Exercise:
Of the entries below, restate word for word only the section that runs from the line with "It's the same" to the line with "Do keep in mind", counting both ends.

Data in this exercise:
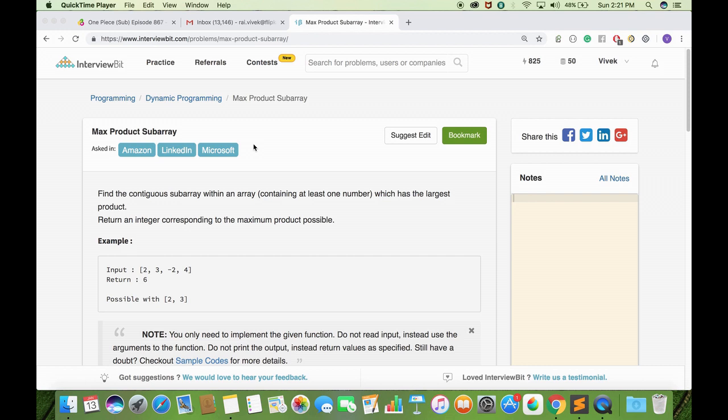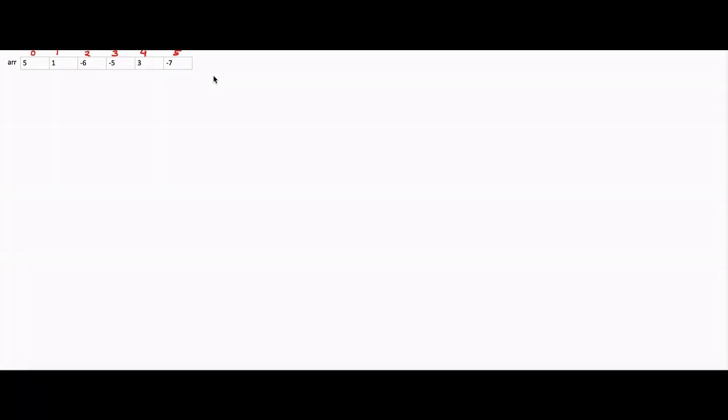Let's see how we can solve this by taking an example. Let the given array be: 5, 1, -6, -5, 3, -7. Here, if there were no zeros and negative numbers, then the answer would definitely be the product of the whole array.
--
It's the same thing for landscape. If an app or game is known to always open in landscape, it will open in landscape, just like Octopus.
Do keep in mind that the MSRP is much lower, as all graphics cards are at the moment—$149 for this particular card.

Task output:
It's the same thing for landscape. If an app or game is known to always open in landscape, it will open in landscape, just like Octopus.
Do keep in mind that the MSRP is much lower, as all graphics cards are at the moment—$149 for this particular card.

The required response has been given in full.